Softly As In A Morning Sunrise

Disc 3: Chasin’ The Trane

1.

Chasin' The Trane

2.

Spiritual

3.

Blue Train

4.

Impressions

5.

Greensleeves (45rpm version)

6.

It's Easy To Remember

7.

Mr P.C.

8.

The Red Planet

Disc 4: Body And Soul

1.

My Favourite Things

2.

The Inch Worm

3.

Body And Soul

4.

Out Of This World

5.

Soul Eyes

6.

Miles Mode

7.

Tunji

John Coltrane (tenor & soprano saxes) and including, amongst many others, Eric Dolphy (alto sax), Miles Davis, Booker Little & Freddie Hubbard (trumpet), Wynton Kelly & Mc.Coy Tyner (piano), Paul Chambers, Reggie Workman, Jimmy Garrison, Steve Davis & Art Davis (bass), Jimmy Cobb, Elvin Jones & Billy Higgins (drums).

rec. between March 1960 & June 1962 at various venues including the Konserthuset, Stockholm, Sweden, The Village Vanguard & Birdland, New York City and recording studios in New York City, New Jersey and Los Angeles.

PROPERBOX 181 4 CD Box [77:56][68:43][74:31][68:38]

 

Coltrane was, as the excellent booklet notes by fellow saxophonist Simon Spillett explains, “mercurially evasive of critical pigeon-holes” with some even describing him as ‘anti-jazz’ with the result that he had as many detractors as supporters.
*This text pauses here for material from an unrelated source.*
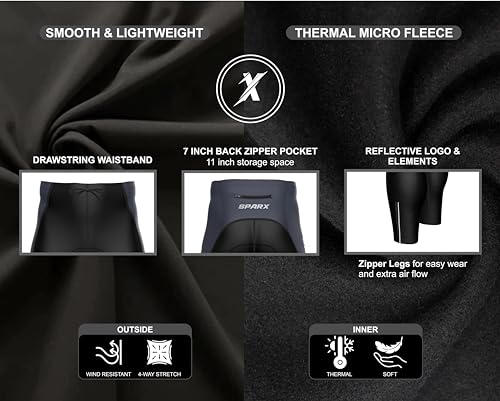 Sparx Calça masculina Super Roubaix térmica para ciclismo justa para bicicleta Cool Max acolchoada,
For me the title of this collection says it all and I shall reinforce my position by quoting a critic who came up with the following to describe Hammond organist Mike Carr “I am about to make one of those very controversial statements that will cause uproar. Opinions will immediately become polarised. Shovels will be taken out of garden sheds to enable entrenched positions to be dug...but here goes”...John Coltrane is the greatest sax player in jazz history!

It is certainly true, as newspaper reviews of this set have pointed out, that John Coltrane is, especially considering his relatively brief recording life, well represented on disc, but in my opinion this release deserves a great deal more credit than simply being described as a good introduction to the legend that is John Coltrane as some have done. In classical music I find that whatever musical highways and byways I explore and however many ‘new’ composers I discover I always come back to Beethoven who for me is THE BENCHMARK against which I measure all others. I can say the same of John Coltrane because as soon as I put the first disc on and heard the 15 minute live recording of So What I experienced sheer bliss from first note to last and was reminded why I have the opinion I have about the great man. I cannot think of any player who soars and dives, whispers, moans and screams and reaches new plateaus of wondrous sound and with such musical originality and dexterity as Coltrane. Among the plethora of discs of his music, which include numerous compilations, are a great number of cheaply produced ones that are often to be found in motorway service shops or department stores on which the sound is often muddy to say the least but on these four discs the sound on the majority of tracks is pretty damn good with his unique voice speaking across the years loud and clear. However, it was always the complete package that was delivered on any disc of his since he brought out the very best in the rest of the band and there are some fantastic examples in this collection among which I should single out McCoy Tyner for the most brilliantly emotive piano playing you could wish for.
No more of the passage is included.